Not that there isn’t a fair bit of trudging mixed in along the way. “Bad Vibrations” opens in a splintered haze of reverb with a lead-heavy, four-based beat keeping the ritual pace. Two guitars are in play on this track, one shattered into pieces by some sort of effect, so that it sounds like it’s being played through a window fan, the other picking out the languorous menace of a Brian Jonestown-esque melody. Singer Alex Maas has a high, tremulous voice that sounds eerily like “White Rabbit”-era Grace Slick. There are hints of Pink Floyd’s “Interstellar Overdrive” here, too, along with the heavy swagger of Black Rebel Motorcycle’s first album, and not a touch anywhere of lightness or humor. “River of Blood” is, likewise, monolithic and bludgeoning, and “Entrance Song” is one more slog through the road song’s endless monotony. (“Rolling fast on 1-35 / Through the day and past the night.”) There’s a kind of glamorous nihilism in these songs, but they’re far too static, staying in one heavy groove all the way through.
Contrast this with “Telephone,” which opens with a snippet of radio-staticky singing, as if the song were, indeed, the long-lost 1960s cover that it so resembles. The song, with its diagonal slashes of surf guitars, its bottom-bumping, fuzzy bassline, its heedless swirls of organ, is pure sugar-rushing British Invasion.
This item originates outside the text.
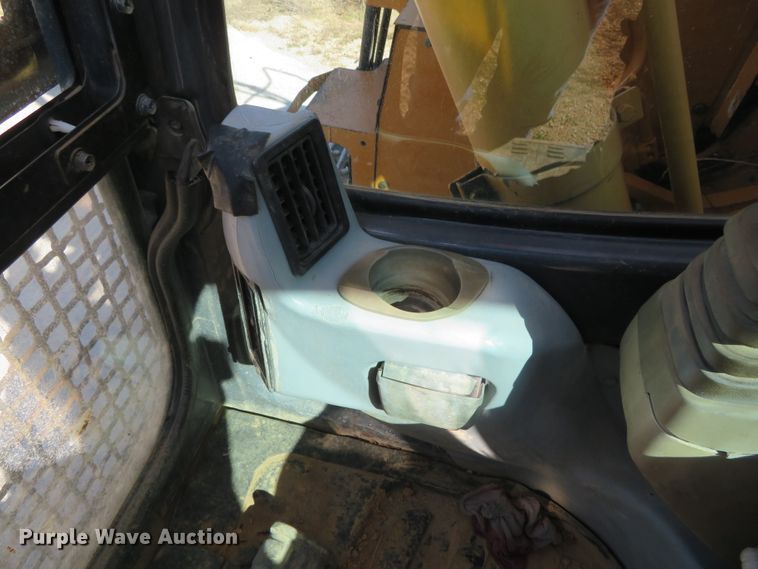 image for item DN7757 2003 Case CX225SR  excavator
Close your eyes, and it could be 1965. Or “Yellow Elevator #2”, whose guitar riffs spin in wheeling mandalas and whose stretched-out, psych-tripped choral break is a close cousin to Pink Floyd’s “Astronome Domini.”
Even at Phosphene Dream’s best moments, you can’t help feeling that this is a very competent, earnest reproduction of things that have already been done. Some of these tracks could slip quite easily onto, say, the Texas-centric Mojo I Can See for Miles compilation, alongside cuts from the Red Crayola, Bubble Puppy, The Chocolate Watchband and, of course, The 13th Floor Elevators. That’s high praise in one sense, but also a sign that there’s not much new here. Still, what’s done again is done with style and, occasionally, an agile sense of play.